• What the exercise asks: In the listing below, the lines starting at the line with "Figure 7. Refer" and ending at the line with "羽毛球场标准尺寸.jpg" are to be output verbatim. Images stay out of the copy.
(Records shown Opens)
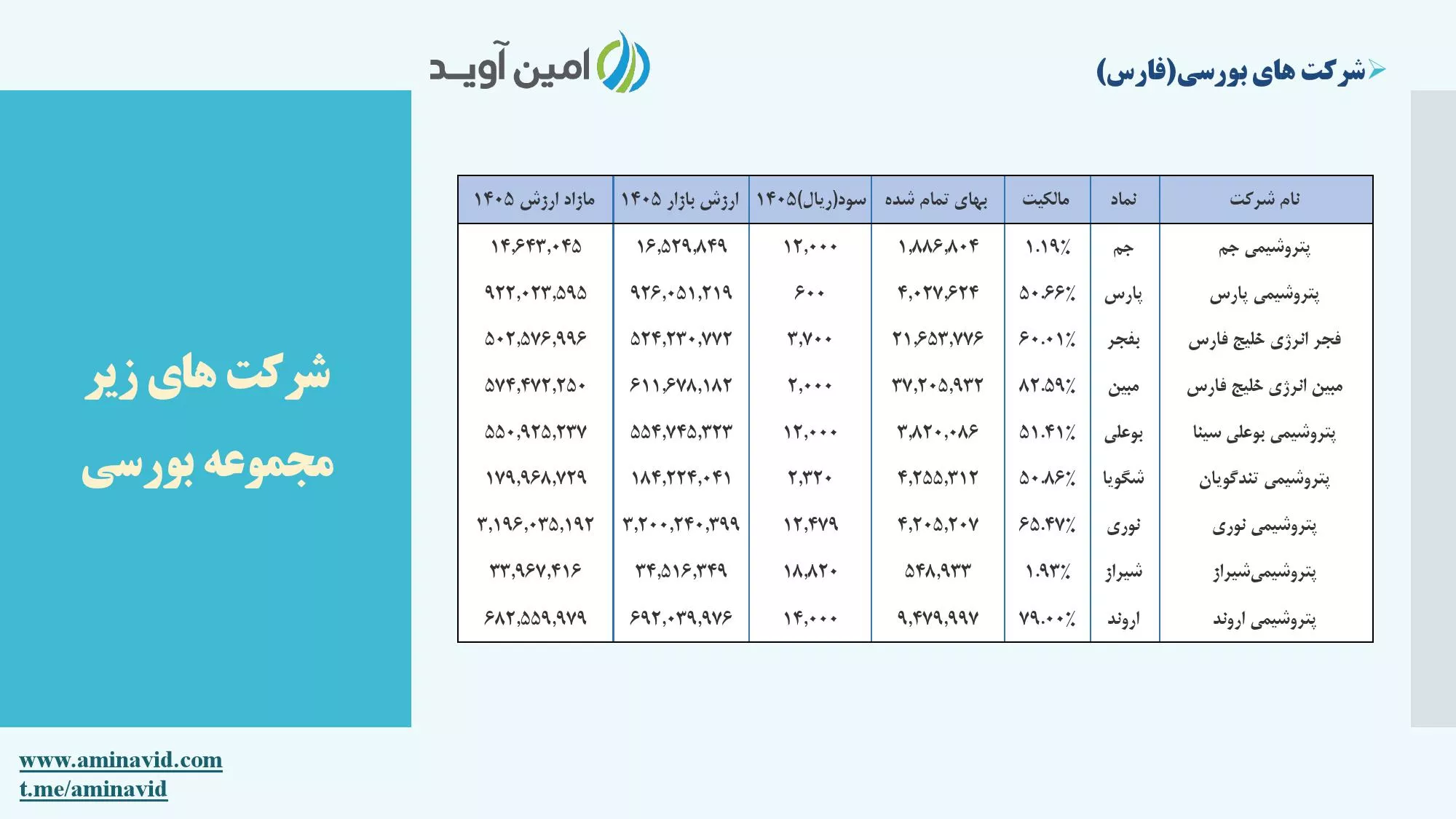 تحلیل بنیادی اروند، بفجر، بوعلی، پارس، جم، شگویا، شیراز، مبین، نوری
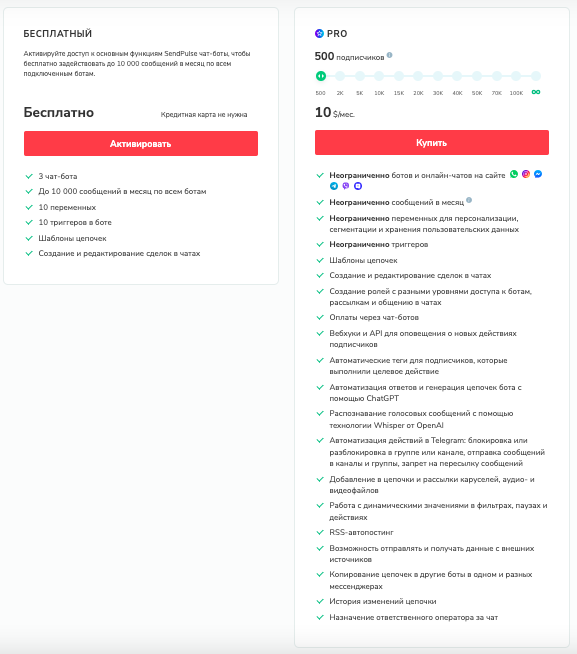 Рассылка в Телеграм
(Records shown Closes)
(Records shown Opens)
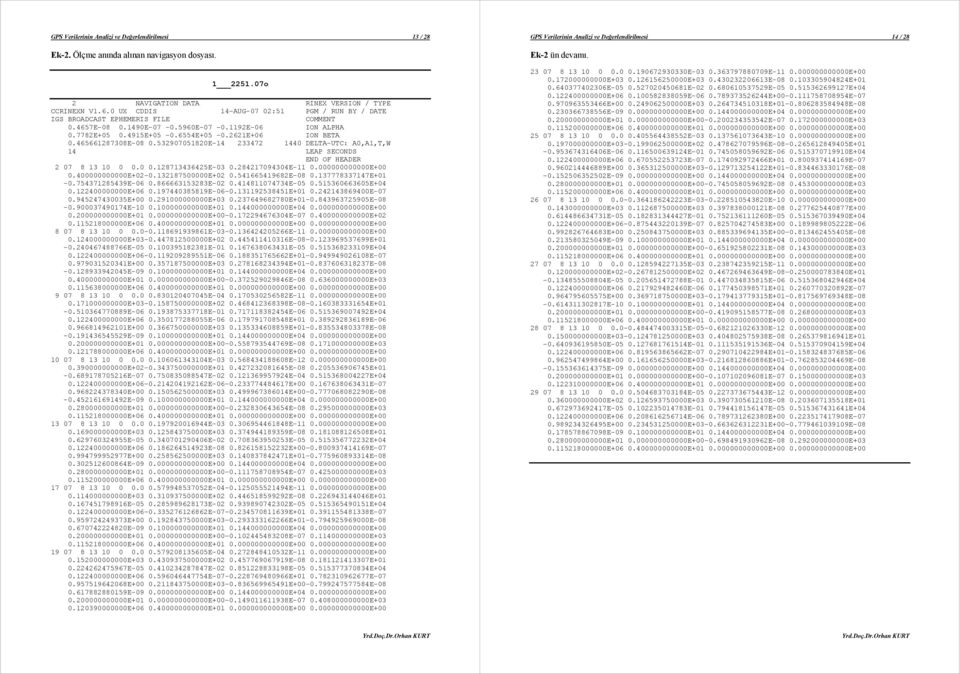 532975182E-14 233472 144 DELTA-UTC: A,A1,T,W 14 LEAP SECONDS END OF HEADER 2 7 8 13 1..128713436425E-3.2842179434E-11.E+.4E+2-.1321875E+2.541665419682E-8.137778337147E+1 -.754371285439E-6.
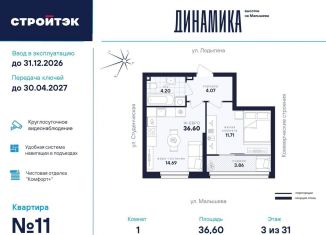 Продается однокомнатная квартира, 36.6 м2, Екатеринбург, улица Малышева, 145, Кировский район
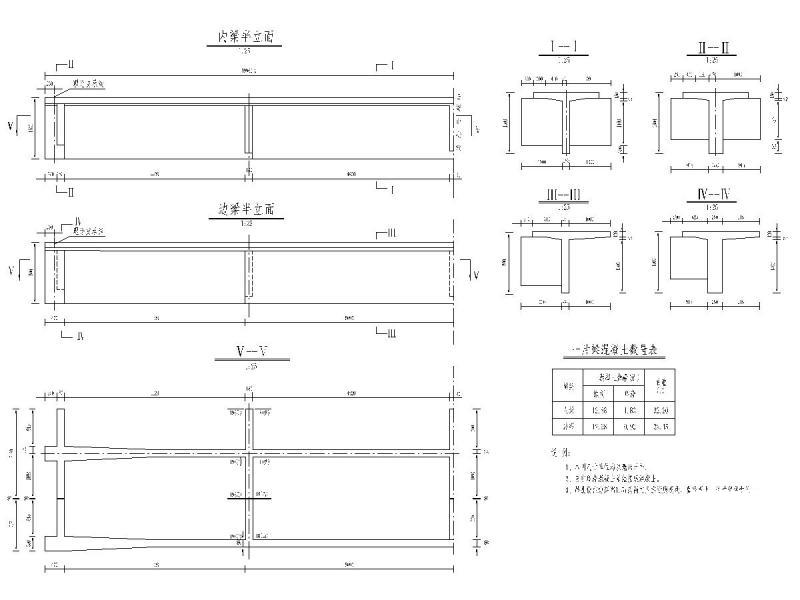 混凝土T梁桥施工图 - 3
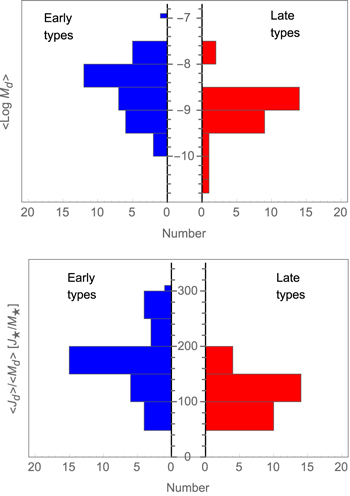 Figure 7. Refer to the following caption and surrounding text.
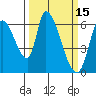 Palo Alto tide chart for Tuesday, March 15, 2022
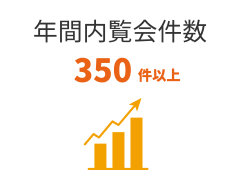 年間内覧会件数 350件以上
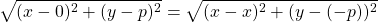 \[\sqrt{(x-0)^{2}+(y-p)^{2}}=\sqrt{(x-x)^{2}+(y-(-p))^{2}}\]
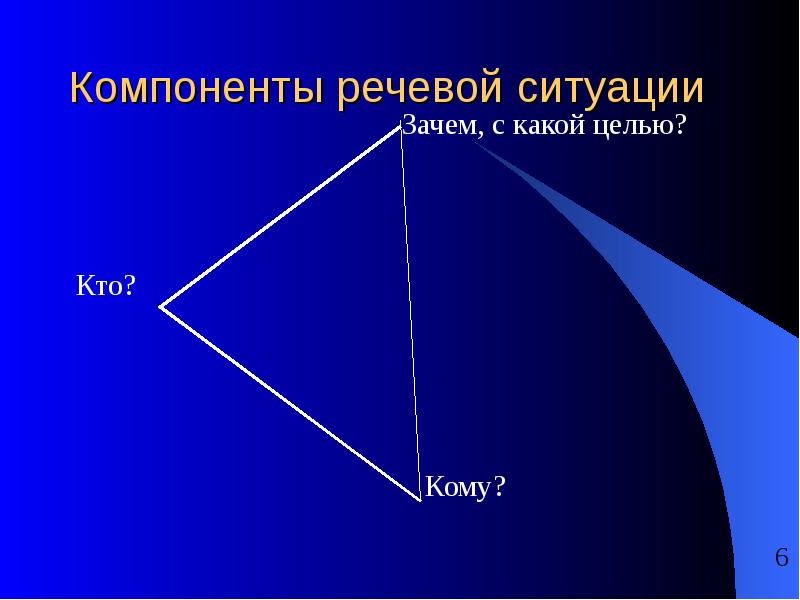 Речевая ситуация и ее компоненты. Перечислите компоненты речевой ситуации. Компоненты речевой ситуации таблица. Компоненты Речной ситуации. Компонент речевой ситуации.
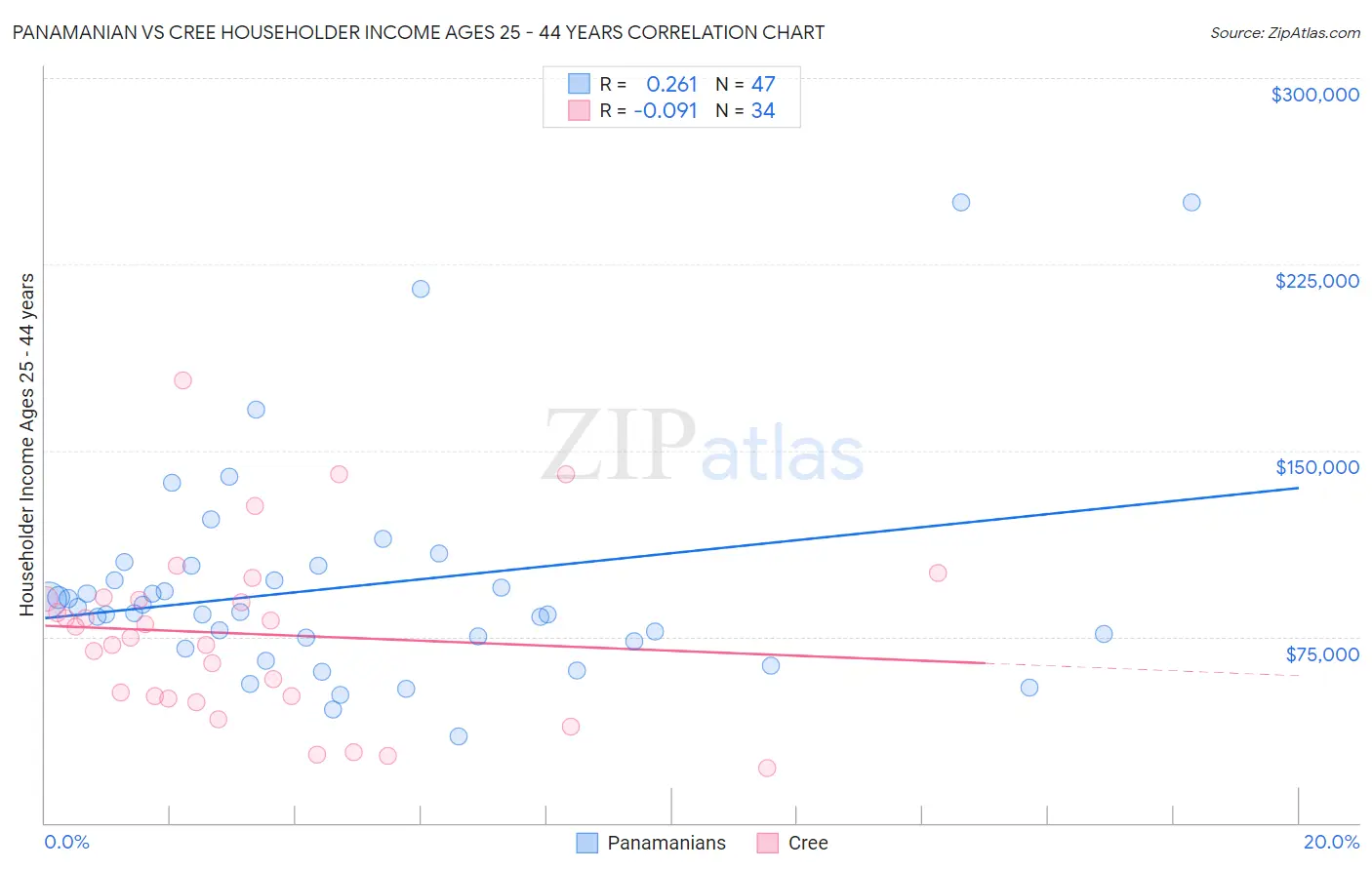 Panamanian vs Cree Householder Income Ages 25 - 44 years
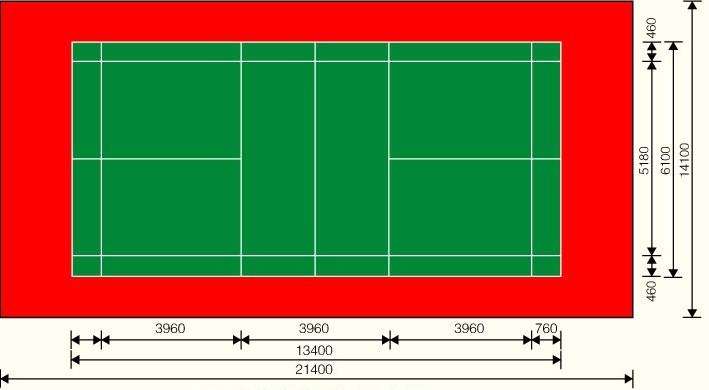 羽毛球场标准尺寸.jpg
(Records shown Closes)
• Reply to the exercise:
 Figure 7. Refer to the following caption and surrounding text.
 Palo Alto tide chart for Tuesday, March 15, 2022
 年間内覧会件数 350件以上
 \[\sqrt{(x-0)^{2}+(y-p)^{2}}=\sqrt{(x-x)^{2}+(y-(-p))^{2}}\]
 Речевая ситуация и ее компоненты. Перечислите компоненты речевой ситуации. Компоненты речевой ситуации таблица. Компоненты Речной ситуации. Компонент речевой ситуации.
 Panamanian vs Cree Householder Income Ages 25 - 44 years
 羽毛球场标准尺寸.jpg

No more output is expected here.